Whenever a policymaker is at a loss for an answer, the demand for more transparency tends to trip off his or her tongue. So in Australia, the prime minister Julia Gillard promises reforms ‘driven by transparency, quality and choice’. The former prime minister, Kevin Rudd, says ‘transparency and competitive neutrality’ are essential. Meanwhile in the US, President Barack Obama says ‘transparency provides information for citizens about what their government is doing’. Transparency has become a political hurrah word.
However, this ‘transparency’ has nothing to do with genuine accountability. It actually short-circuits the process of deliberation that is needed in order to test out the ideas for which politicians and officials will be held to account. In a democratic society, public officials should be held to account for their actions and decisions, not for the manner in which they came to their conclusions.

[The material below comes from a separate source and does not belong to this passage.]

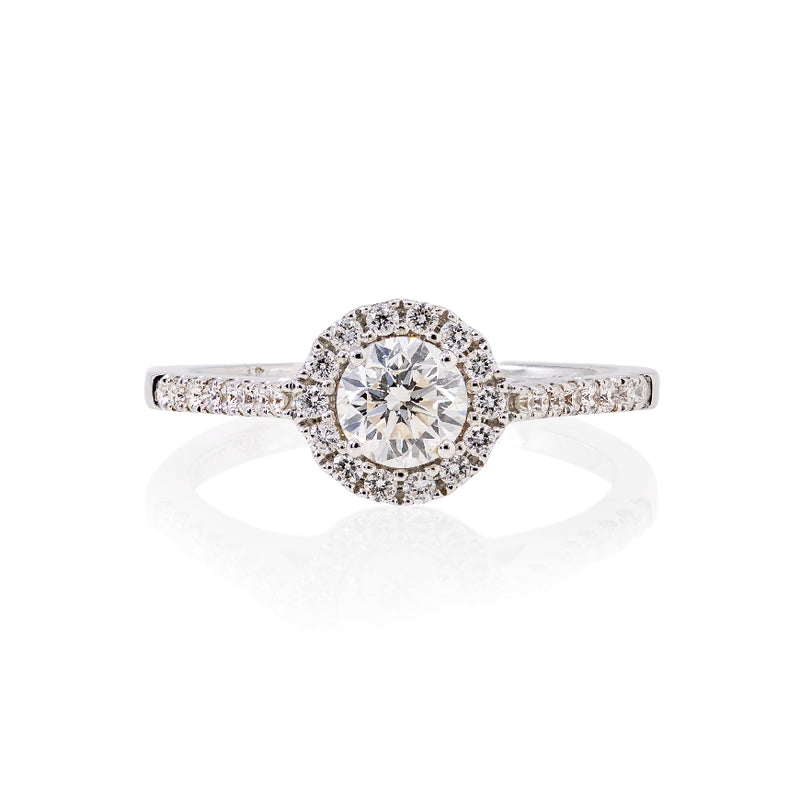 18kt wg  round diamond 0.50 ct ring G-H/SI1with diamonds pave set around bezel and on shank 0.26cttw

These days, any official or politician exposed for attempting to exchange his private thoughts with colleagues ‘in confidence’ will be denounced. This is what happened in Britain recently when it was revealed that the office of Michael Gove, the Lib-Con coalition’s education secretary, went to great lengths to communicate through private email exchanges. This is now fairly common practice in many departments of the state, where officials go to great lengths to conceal their discussions from being exposed under Freedom of Information laws. Some policymakers in Britain’s Department of Education clearly decided that they would like to keep their private deliberations just that: private.

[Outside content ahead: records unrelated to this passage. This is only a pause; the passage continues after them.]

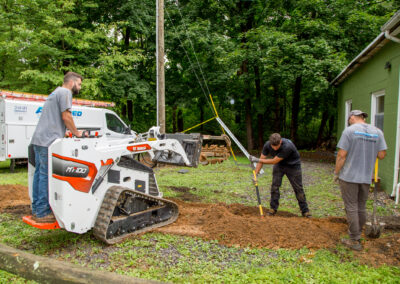 Digging alongside a trencher during underground electrical service installation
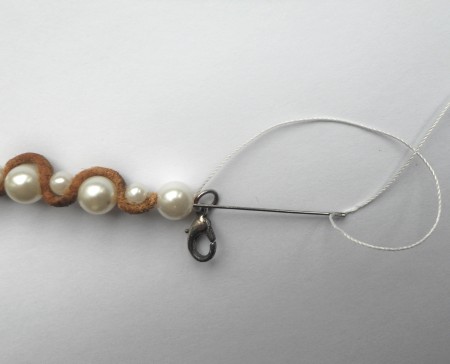 Finishing the end of the bracelet.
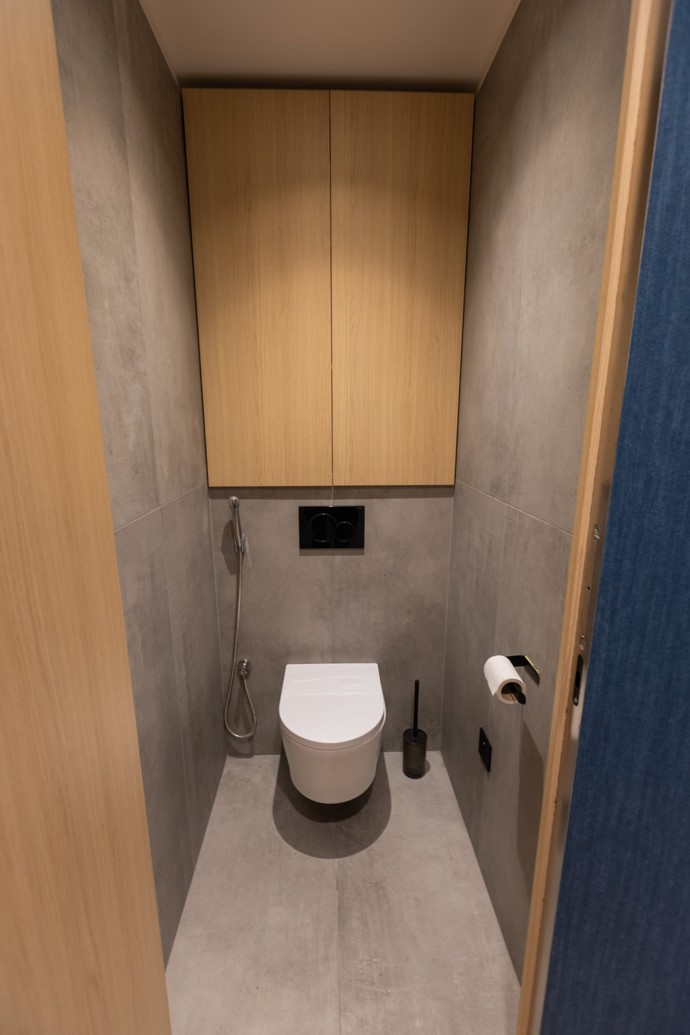 Koupelna a toaleta byly dispozičně i designově přepracovány. Na wc byl doplněný úložný prostor a bidetová sprška. V koupelně byla vana nahrazena sprchovým koutem a pračka a úklidové prostředky byly schované v nově vybudované skříni z kompaktního materiálu. Tato zadní část koupelny je v temném břidlicovém odstínu.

As with transparency, almost everyone claims to have tremendous enthusiasm for Freedom of Information laws, at least publicly. In private, however, these laws are experienced as an obstacle to be overcome. So former British prime minister Tony Blair wrote in his memoir that one of his biggest mistakes was to introduce the Freedom of Information Act. He said ‘it is a dangerous act’ because it made it very difficult for a government to debate the serious issues of the day ‘in confidence’. You ‘naive, foolish, irresponsible nincompoop’ is how he described his own role in the enactment of this legislation.
So why did the Blair government introduce what Blair now considers a dangerous act? For the same reason that every leading politician feels compelled to swear loyalty to the ritual of transparency. When public life is dominated by a mood of suspicion, the institutionalisation of transparency promises to leave little to the imagination.